La faculté d’oubli ou de déni des sociétés, et donc aussi de la nôtre, est immense. Entre la mémoire et l’Histoire, elles choisissent la mémoire, sans doute plus valorisante car sélective. Sous la Troisième République, les manuels d’Histoire, en particulier « le petit Lavisse » et ses héritiers, acclimatèrent l’idée que nos ancêtres communs étaient les Gaulois au moment où la France devenait un pays d’immigration. Elle accueillit, pour trouver la main-d’œuvre nécessaire à son industrialisation, travailleurs allemands, italiens, espagnols puis, dans l’entre-deux-guerres, et conformément à la mission qu’elle s’était elle-même confiée, des vagues de réfugiés persécutés dans leurs pays  : Arméniens, Juifs d’Allemagne et d’Europe centrale, républicains espagnols… Elle a oublié la violence des débats – le massacre d’ouvriers italiens sur les salins d’Aigues-Mortes en 1893 en fait foi - et les lenteurs de l’intégration pour ne retenir que l’idée de « patrie des Droits de l’Homme », aujourd’hui mise à mal.

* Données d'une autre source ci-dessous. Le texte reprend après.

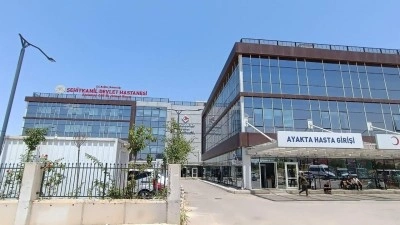 Fabrikada su i&ccedil;en iş&ccedil;iler tek tek hastaneye kaldırıldı!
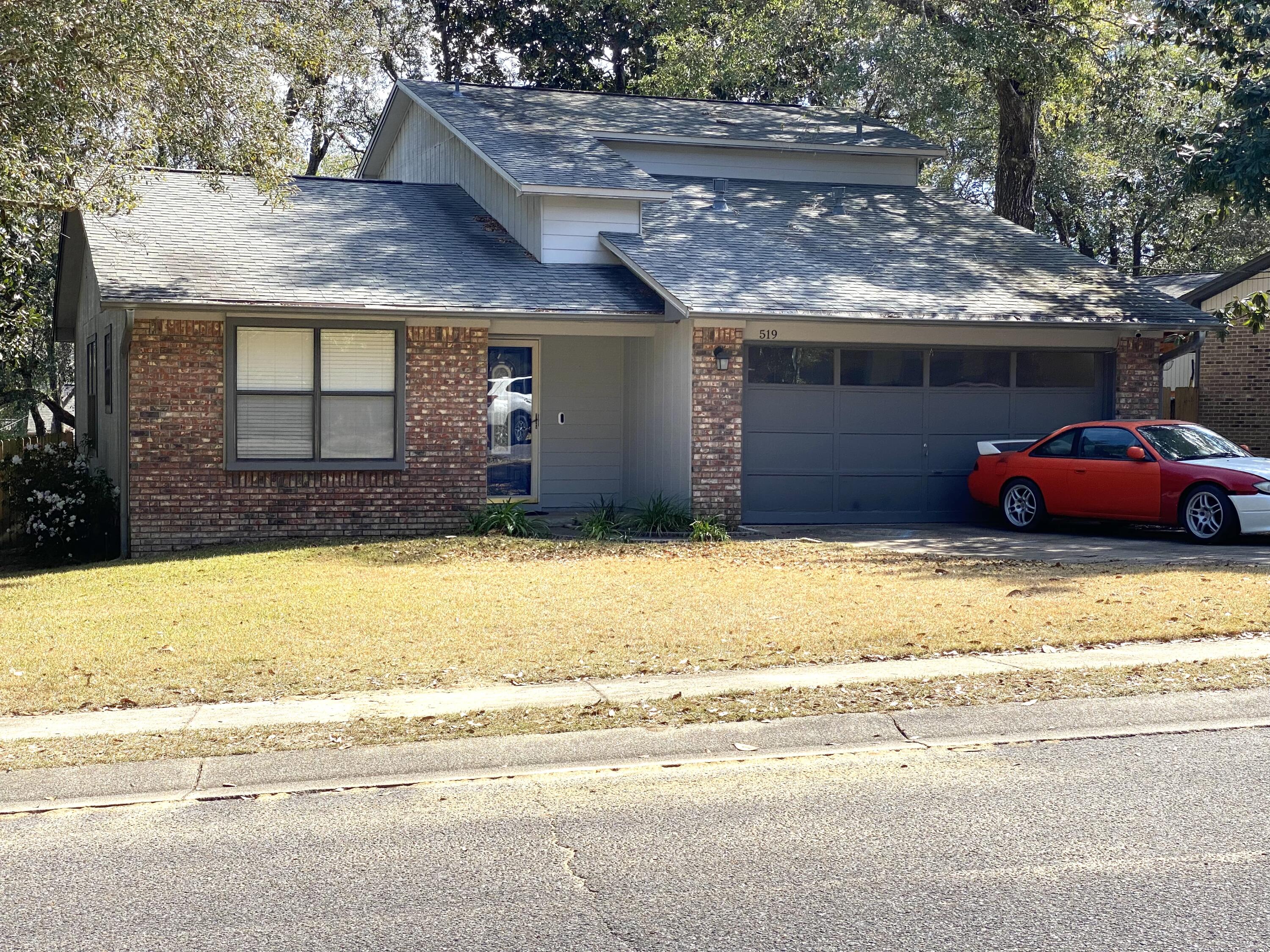 CREEKSIDE 4 - Residential Lease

Notre société a aussi oublié qu’elle pratiqua l’unité de croyance et que la liberté de conscience est un des acquis de 1789. Avant que le peuple n’accède au statut de souverain – « le peuple souverain » – et ne prenne ainsi la place du monarque, celui-ci, « lieutenant de Dieu sur terre », du moins si l’on en croit Bossuet, s’institua garant de l’unité de croyance… et le protestant Calas fut roué à Toulouse en 1762 ! Mais la monarchie dût finalement en rabattre et, en 1787, l’édit dit « de tolérance » accorda aux religionnaires un espace juridique a minima. Aussi suis-je toujours réticent lorsque cette idée de tolérance, pourtant si magnifiquement défendue par Voltaire, est mise en avant à mauvais escient. Il ne s’agit que d’un acte monarchique, concédé par la volonté d’un seul, tellement différent de la liberté, qu’elle soit de conscience ou d’expression.

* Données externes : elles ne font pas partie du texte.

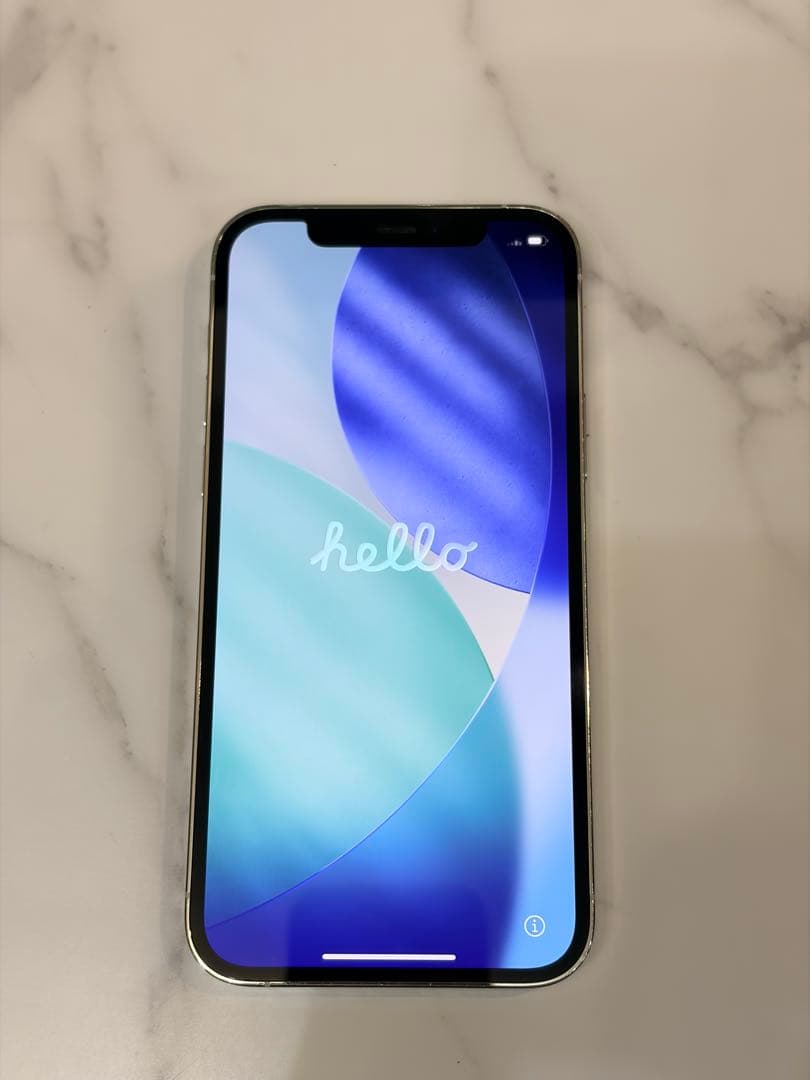 Apple iPhone 12 Pro ホワイト 本体　SIMフリー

La liberté de conscience est un des acquis de 1789

Bien entendu, je conçois que des tensions puissent exister entre des valeurs qui sont devenues, par une lente et difficile conquête, celles de la République. La liberté de conscience concerne aussi bien la liberté des croyants que celle des athées. Mais cette liberté qui suppose l’adhésion des individus, ne saurait déterminer un mode de vie fixé par des « vérités » révélées ou des traditions imposées. Dans une société du « vouloir vivre ensemble », puisqu’il s’agit d’un objectif, une Eglise - le terme suppose une organisation - ou une religion, ne saurait prescrire des règles qui, « justifiées » par une transcendance en fait non partagée, influeraient sur le mode de vie de la société tout entière. Liberté de croyance et liberté d’expression, parfois perçues comme antinomiques, constituent de fait les deux aspects de la même réalité.